Les pesticides, les médicaments et les produits cosmétiques constituent les sources principales de ces molécules dont les scientifiques redoutent les effets cocktails que pourraient provoquer leur mélange avec d’autres polluants. Ces Pfos n’ont rien à envier aux Pfas, ces substances per et polyfluoroalkylées, également appelées polluants éternels.
Lourd héritage industriel
Marqueurs de l’histoire industrielle du bassin du Rhône, elles se concentrent dans la vallée de la chimie, en aval de Lyon, mais aussi dans la nappe des îles, autour d’Annecy, marquée par l’empreinte des industries du ski (usines Salomon) et de l’électroménager (Seb) qui appréciaient la capacité des Pfas à diminuer les tensions de surface.
« A partir de 2014, le bassin a anticipé la règlementation. Une task force coordonnée par la préfète de région réunit toutes les parties prenantes pour détecter ces micropolluants, surveiller les rejets et prendre des mesures de réduction à la source », tente de rassurer Jean-Philippe Deneuvy, directeur de la direction régionale de l’environnement, de l’aménagement et du logement (Dreal) d’Auvergne Rhône-Alpes (Aura).
Surveillance resserrée
La surveillance se concentre sur 500 sites industriels et une centaine de captages. Sur l’ensemble de son territoire, l’agence recense 900 stations. Permise tant par la densification du réseau que par l’amélioration des capacités de détection des laboratoires, la progression du nombre de données atteint 70%, depuis 2022.

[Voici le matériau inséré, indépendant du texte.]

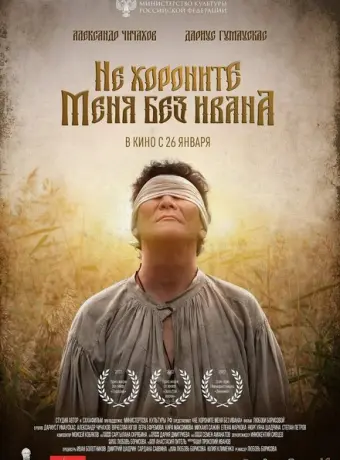 Не хороните меня без Ивана 2022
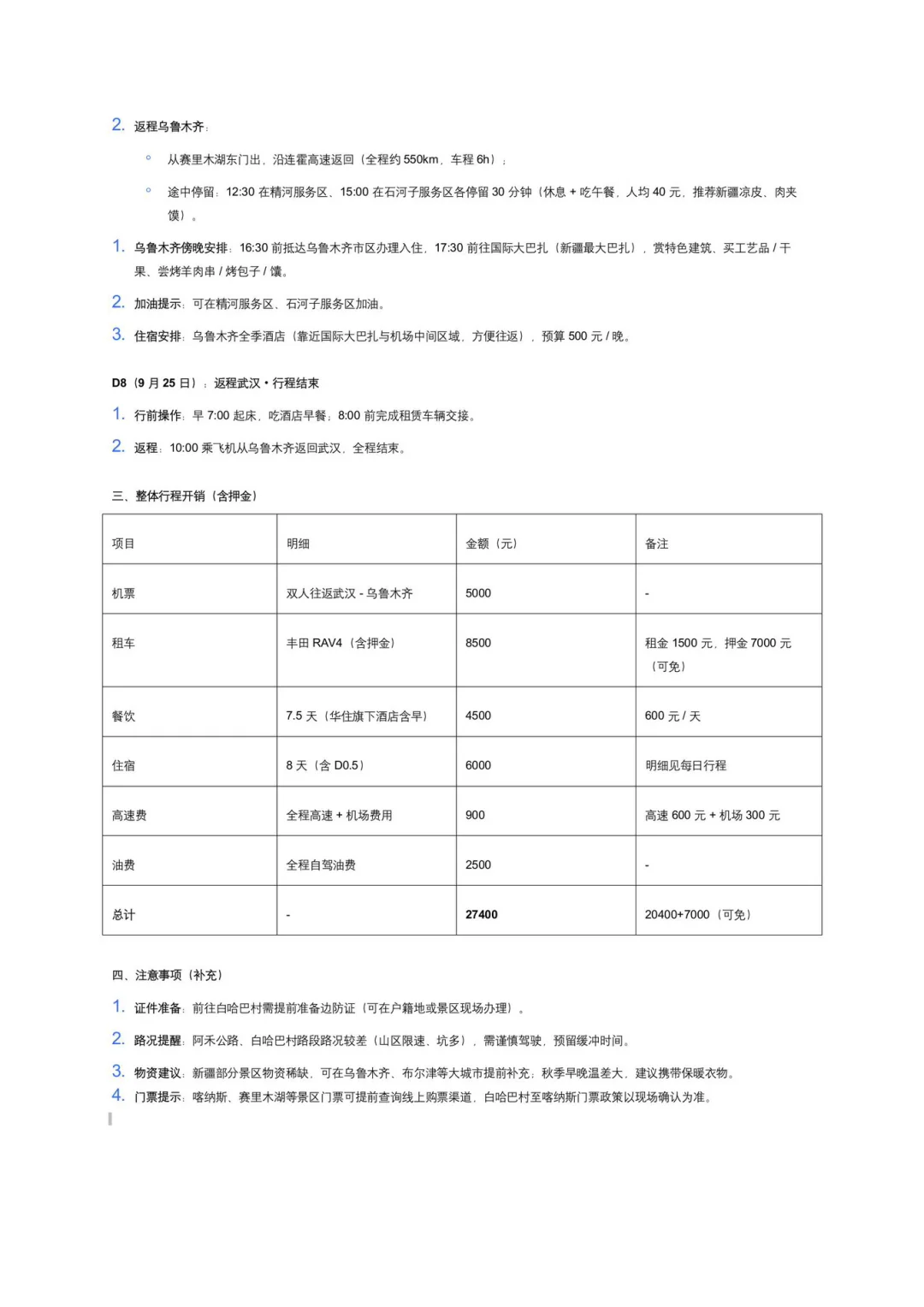 九月中下旬新疆阿勒泰赏秋出行攻略计划（新）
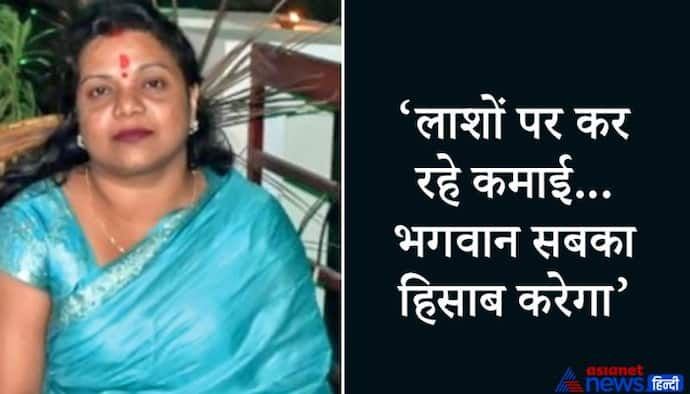 पति को बचाने के लिए सारे गहने गिरवी रखने पड़े, फिर भी मिली लाश..कर्ज लेकर करना पड़ा अंतिम संस्कार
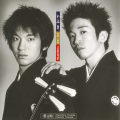 吉田兄弟 - 津軽じょんから節 掛け合い曲弾き (合奏~健一~良一郎~合奏)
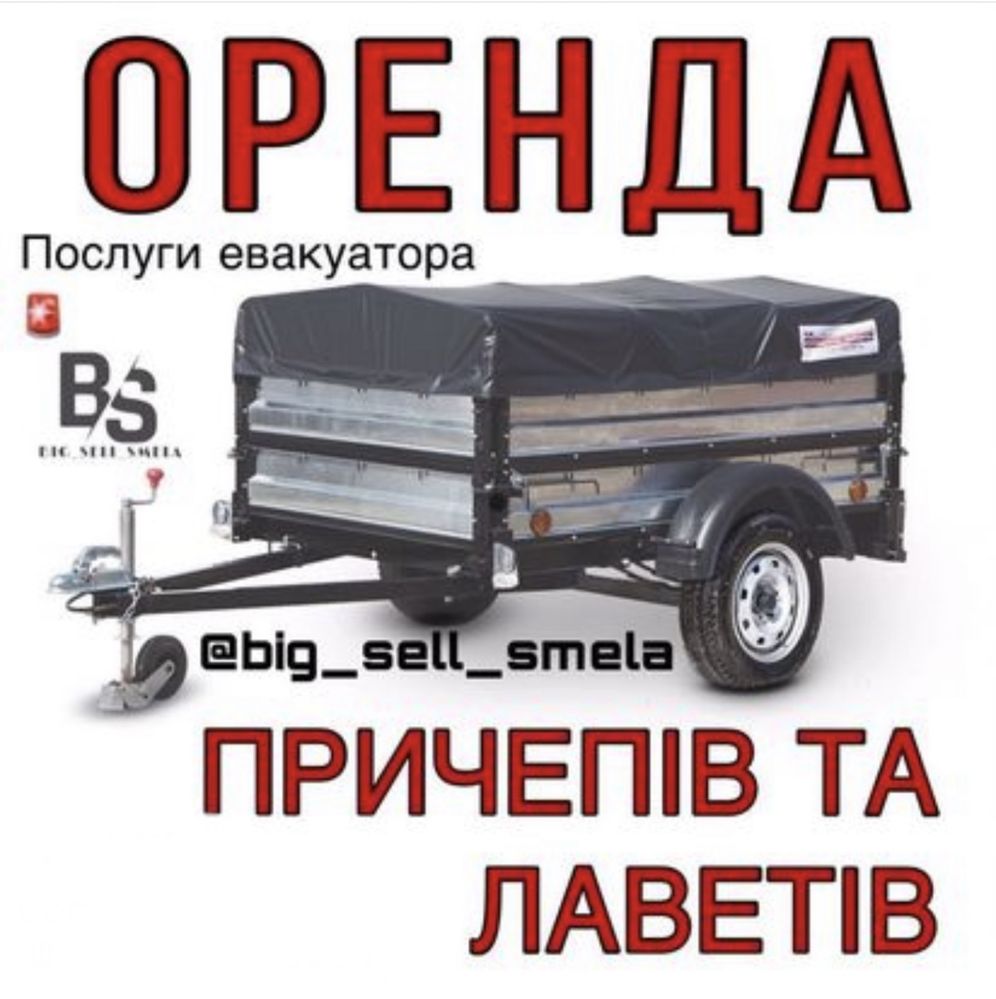 Аренда прицепа лафета лавет лавета прицеп причеп оренда прокат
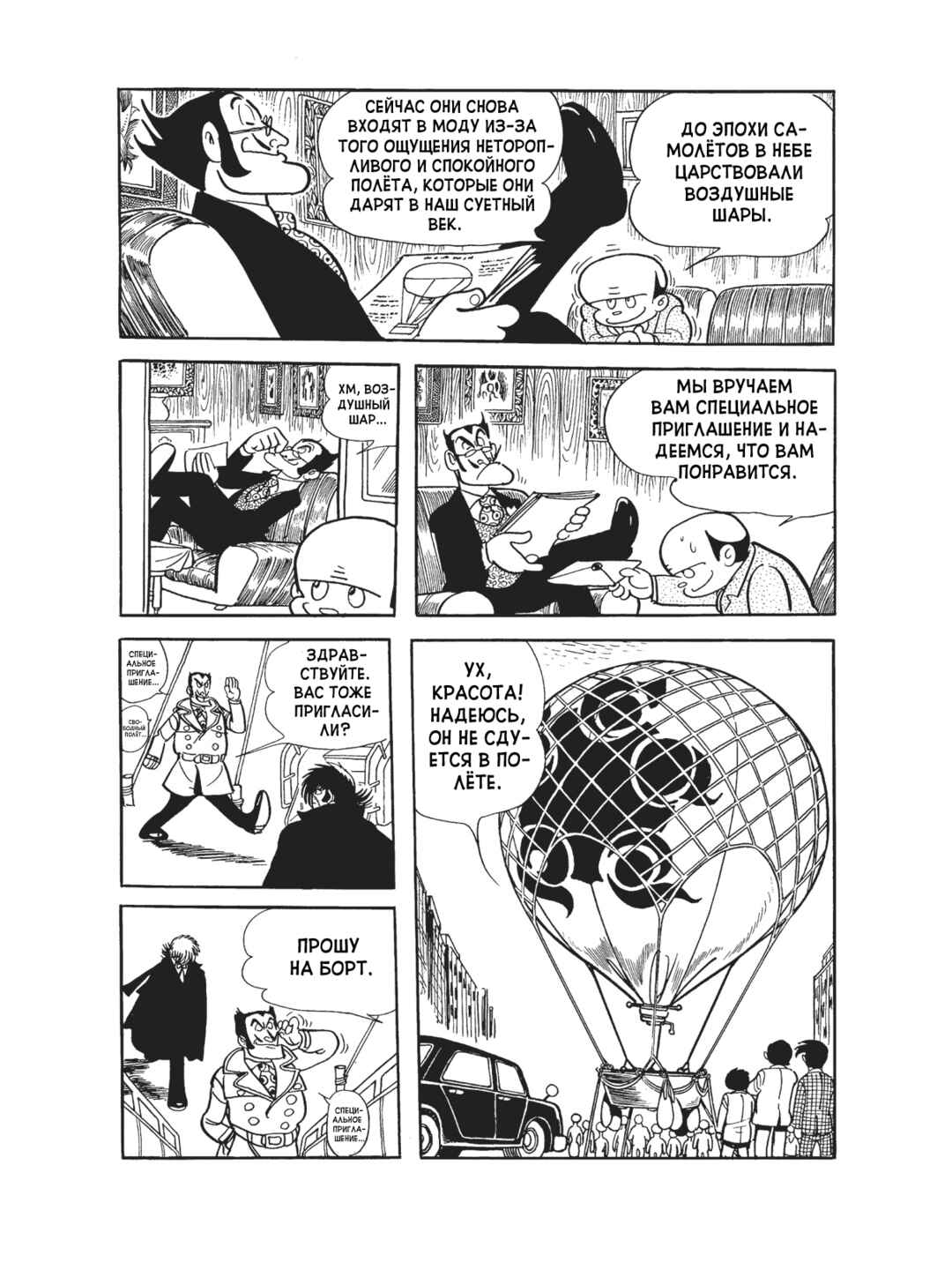 Black Jack Chapter 88 - Page 2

Ces outils suffiront-ils à soutenir une dynamique de progrès ? « Nous faisons tout pour atteindre l’objectif de 67% de masses d’eau de qualité en 2027 », assure Nicolas Mourlon, directeur de l’agence. Par rapport aux 48% enregistrées aujourd’hui dans le bassin Rhône-Méditerranée et la Corse, le saut paraît pourtant difficile à franchir, en particulier dans la partie aval et à proximité des agglomérations.
Moyens stagnants
Entre urgence écologique et rigueur budgétaire, l’effort annuel devrait se stabiliser à 500 M€/an : un niveau atteint grâce au plan eau de 2023, au fil de l’exécution du 11ème programme de l’agence, alors que l’exercice quinquennal avait démarré avec une allocation annuelle de 400M€ pour la période 2019-2024.
Les nouveaux plafonds mordants annoncés par le ministère de l’Economie mettent fin à cette augmentation, au moment du démarrage du XIIème programme, entre 2025 et 2030. Prélevé sur l’argent que les pollueurs consentent à mettre au service de la réduction de leurs impacts, ce coup de rabot n’a pas finir de faire débat. La conférence nationale sur l’eau annoncée par le Premier ministre devrait le confirmer, dans les prochaines semaines.